Task description:
Nothing but the lines from the one with "V-TAPER | SIGNATURE FITTED TEE" through the end of the data should be set down, each exactly as written, and no picture should be included.

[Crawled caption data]
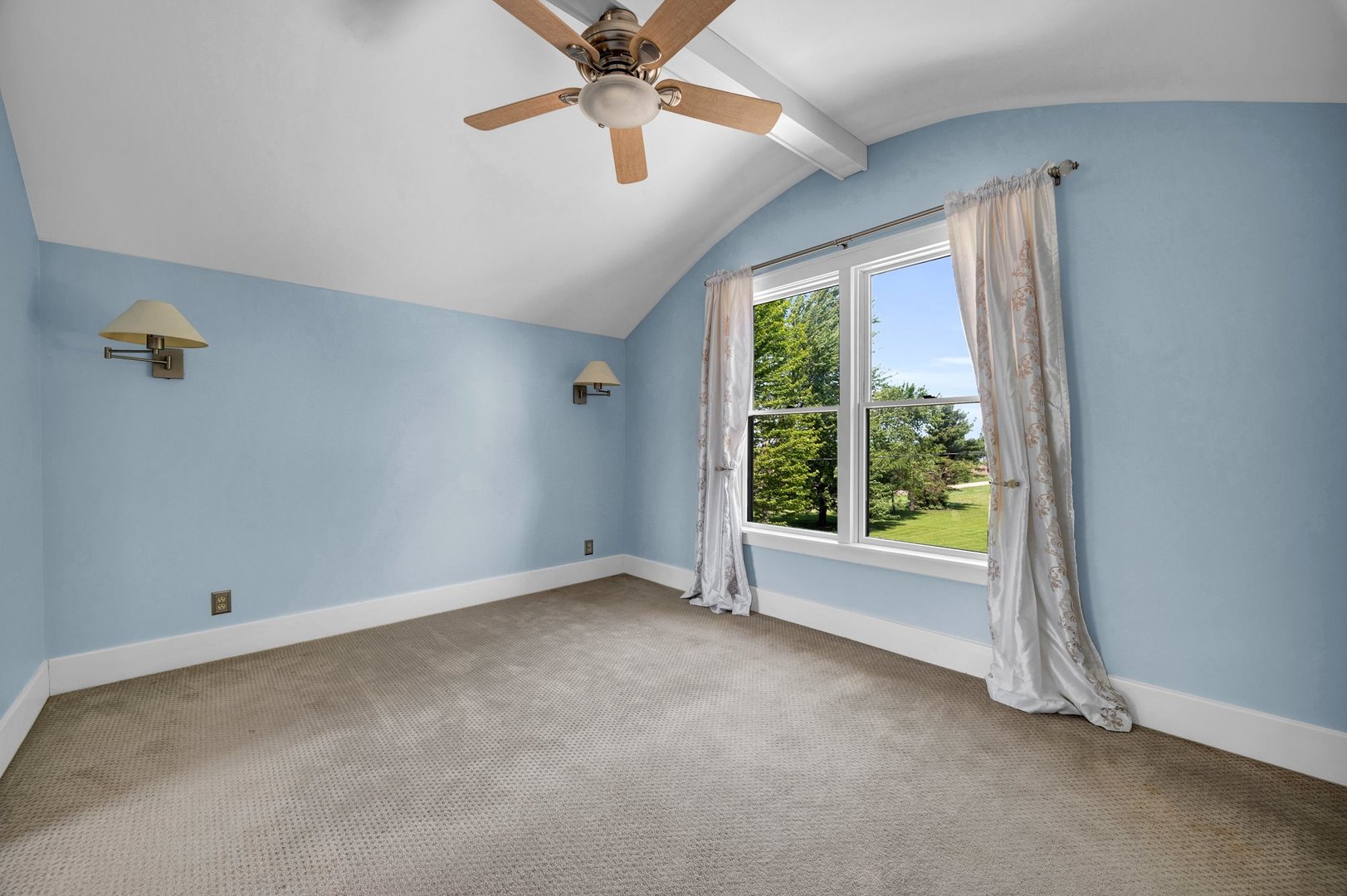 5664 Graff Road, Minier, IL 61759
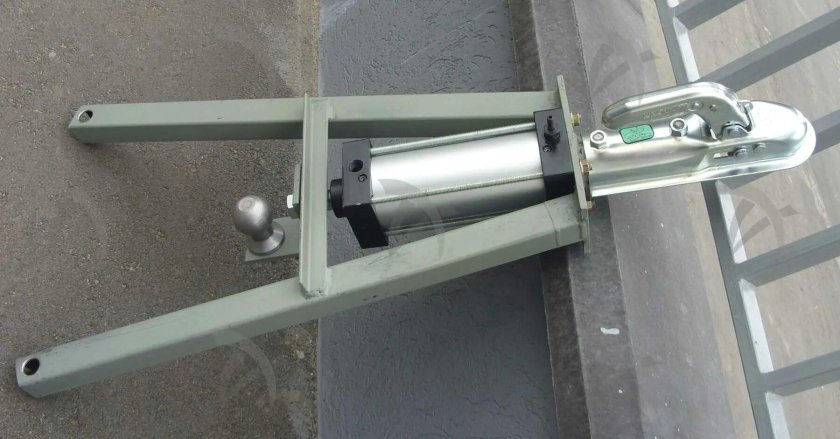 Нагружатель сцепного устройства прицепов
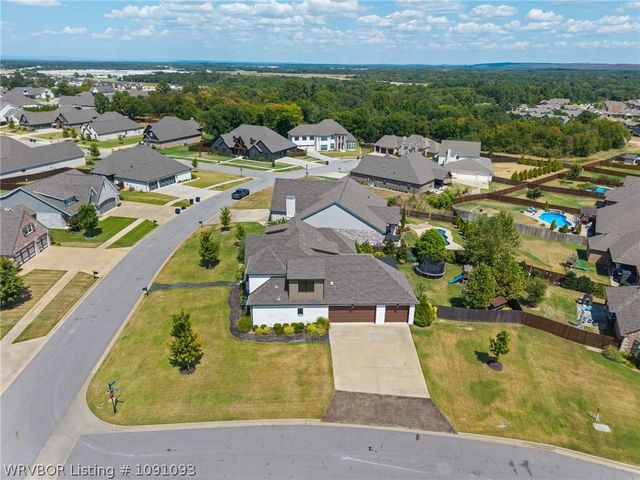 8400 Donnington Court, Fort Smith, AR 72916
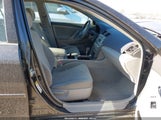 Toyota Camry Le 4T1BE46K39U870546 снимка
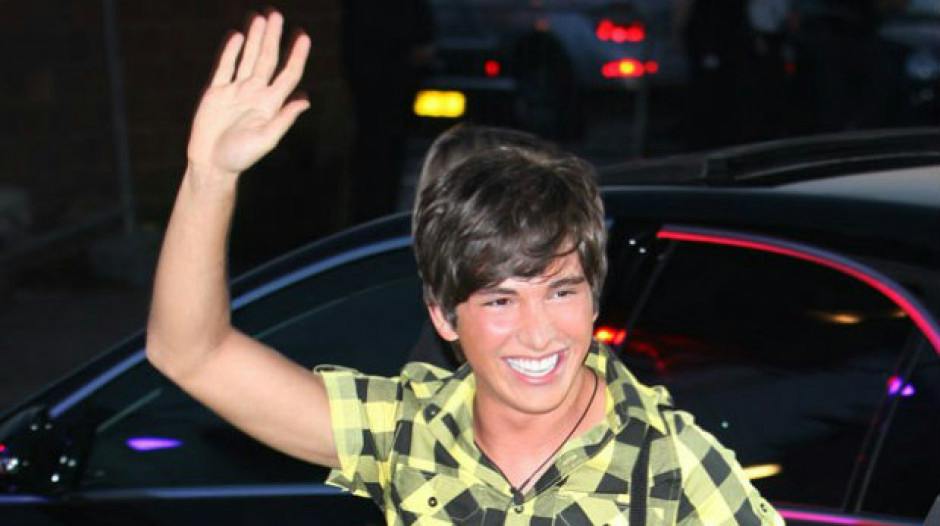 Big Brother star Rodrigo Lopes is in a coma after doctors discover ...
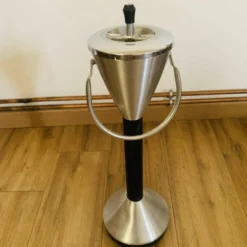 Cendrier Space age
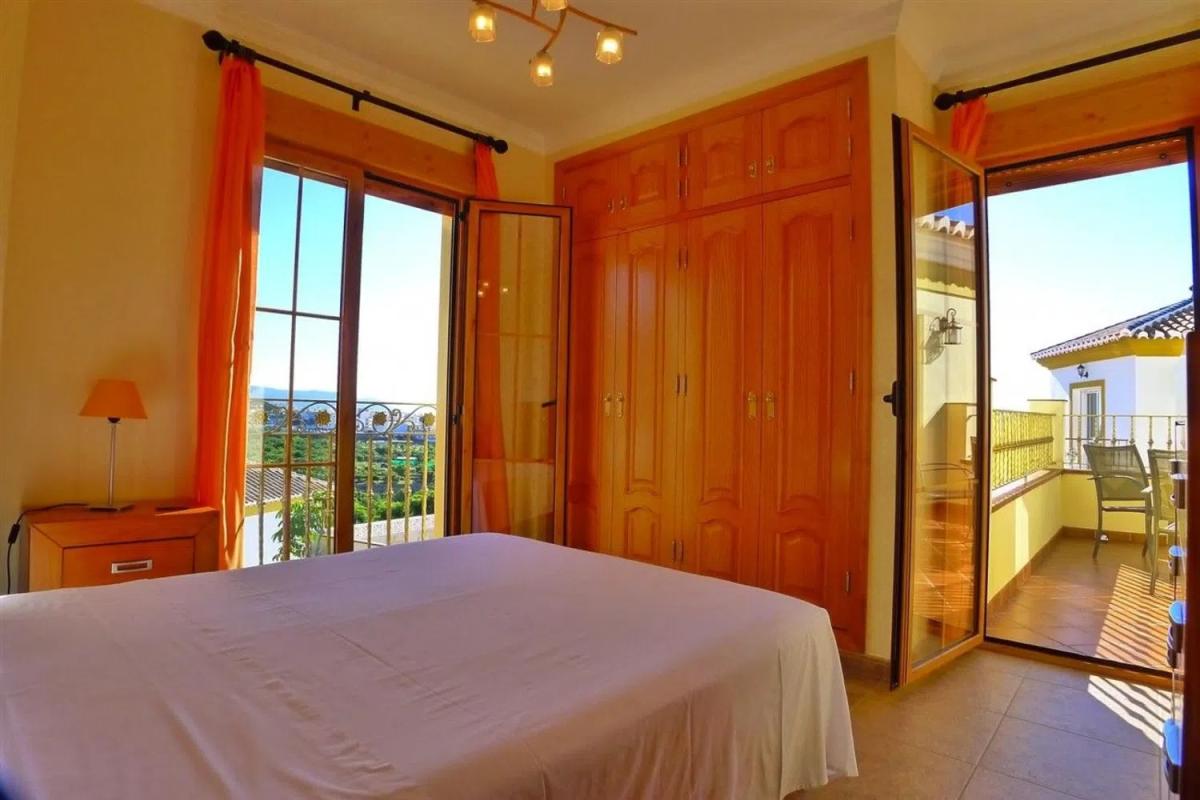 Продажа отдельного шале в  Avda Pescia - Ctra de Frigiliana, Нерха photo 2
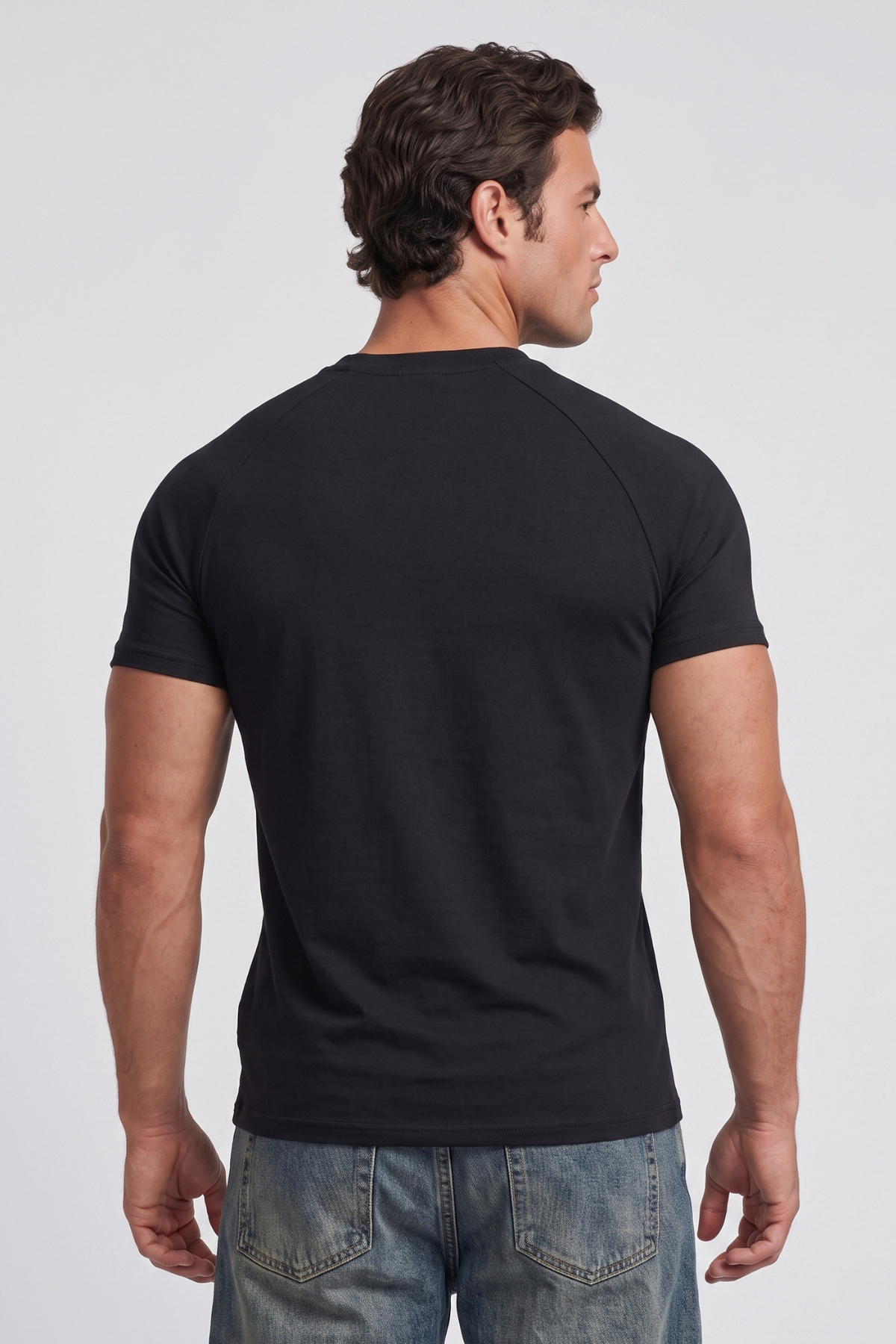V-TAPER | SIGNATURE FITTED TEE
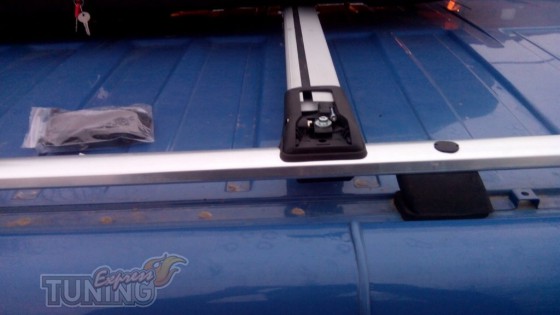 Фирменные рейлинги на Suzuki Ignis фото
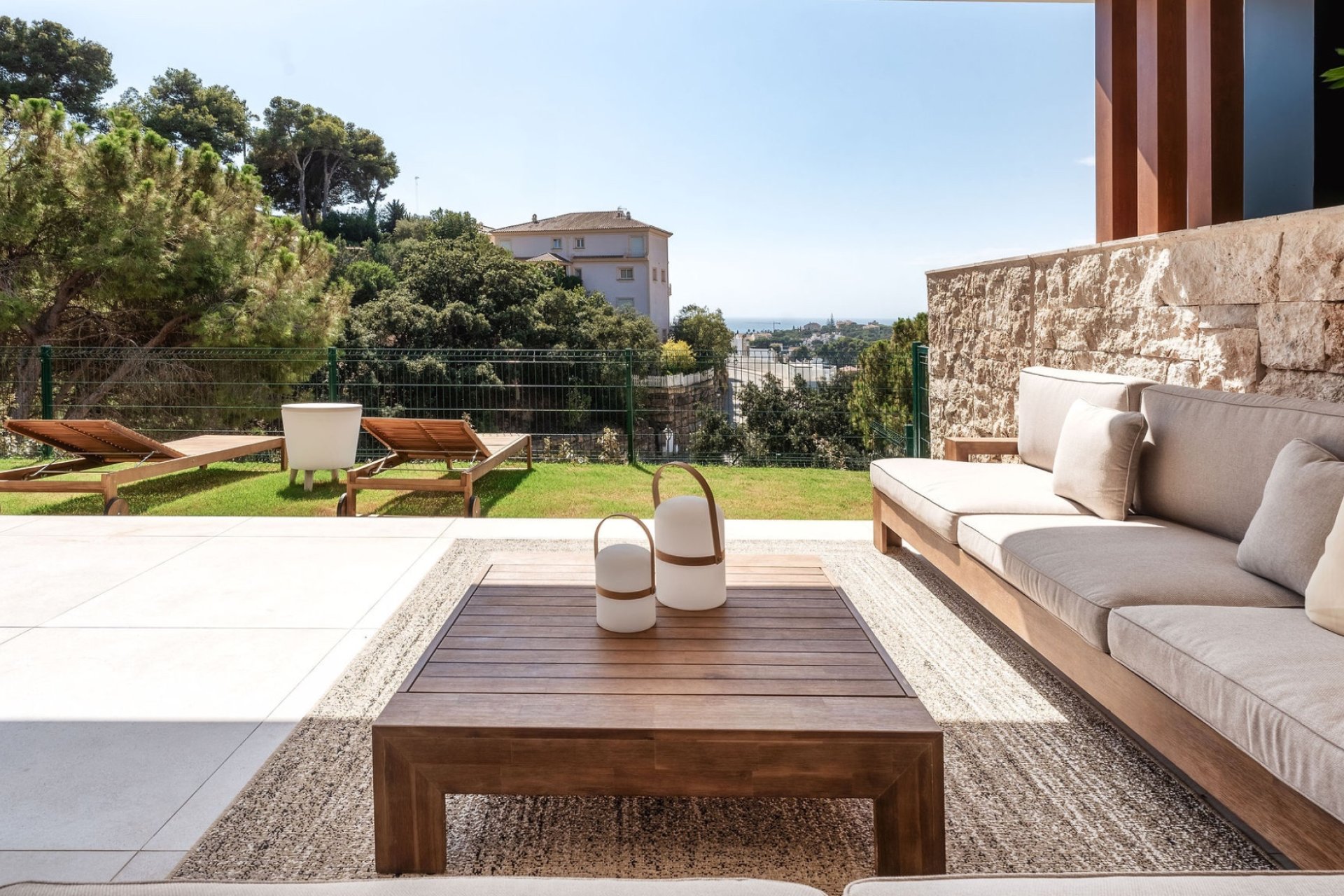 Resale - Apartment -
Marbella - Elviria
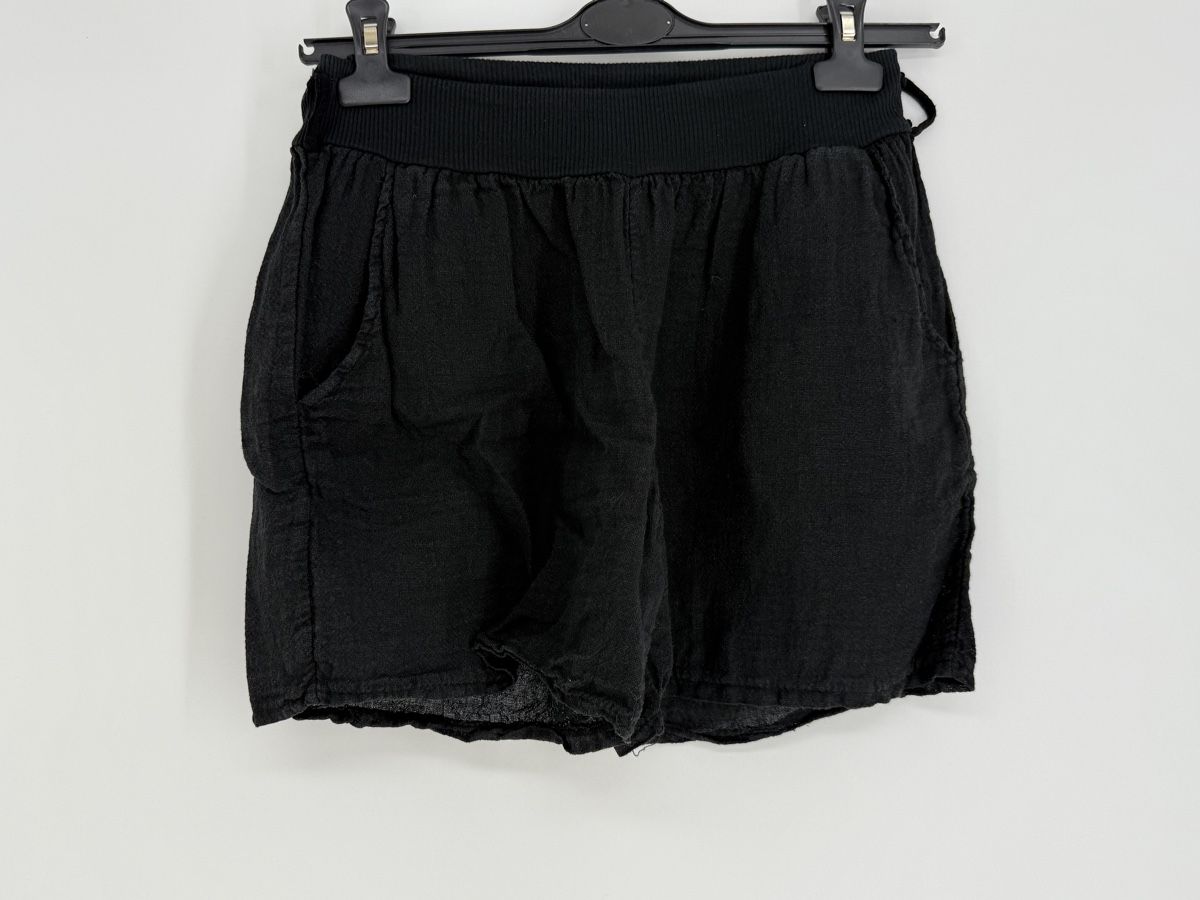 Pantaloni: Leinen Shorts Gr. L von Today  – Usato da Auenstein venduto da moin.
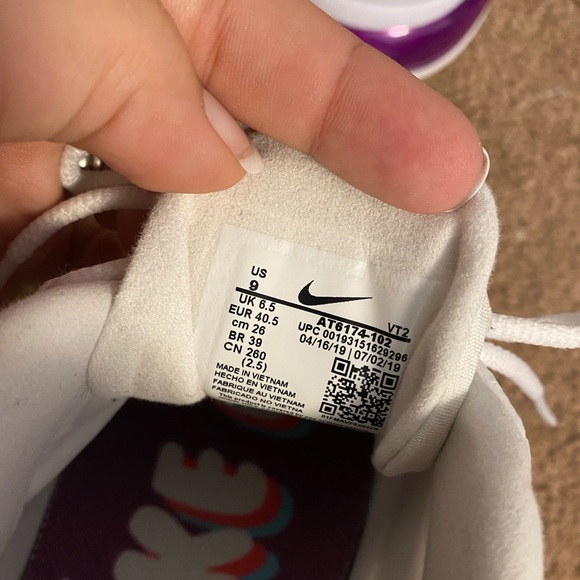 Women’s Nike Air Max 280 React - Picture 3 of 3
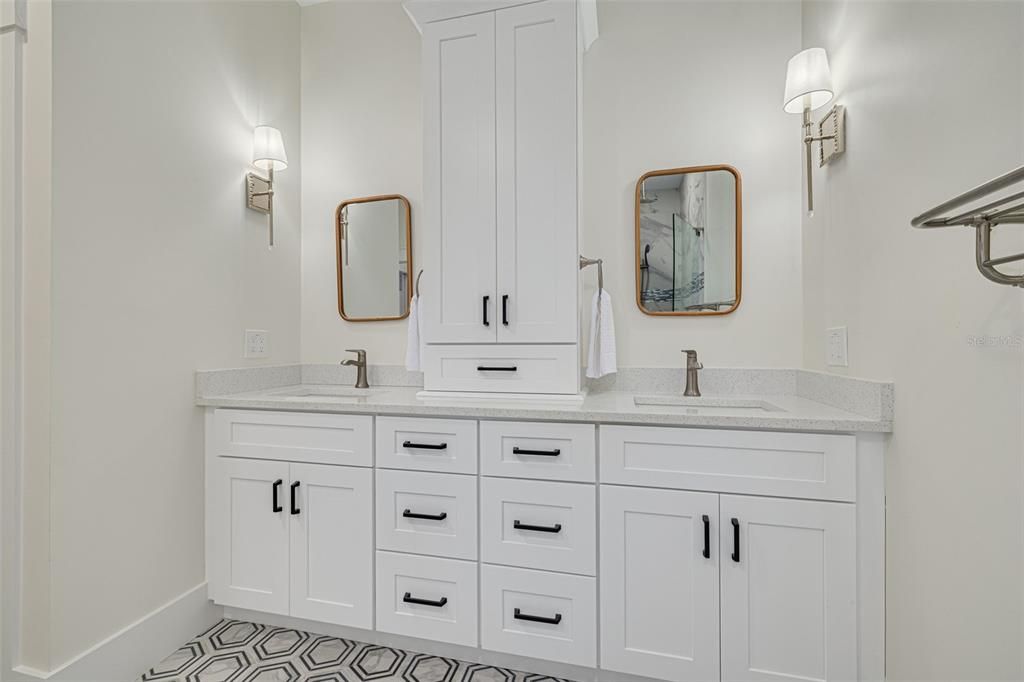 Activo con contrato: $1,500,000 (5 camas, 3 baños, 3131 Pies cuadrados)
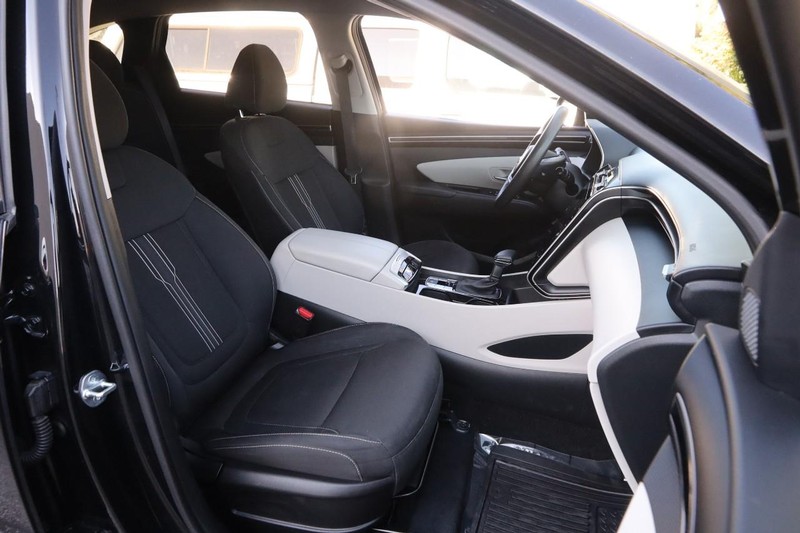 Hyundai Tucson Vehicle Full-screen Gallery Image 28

Exercise answer:
V-TAPER | SIGNATURE FITTED TEE
 Фирменные рейлинги на Suzuki Ignis фото
 Resale - Apartment -
Marbella - Elviria
 Pantaloni: Leinen Shorts Gr. L von Today  – Usato da Auenstein venduto da moin.
 Women’s Nike Air Max 280 React - Picture 3 of 3
 Activo con contrato: $1,500,000 (5 camas, 3 baños, 3131 Pies cuadrados)
 Hyundai Tucson Vehicle Full-screen Gallery Image 28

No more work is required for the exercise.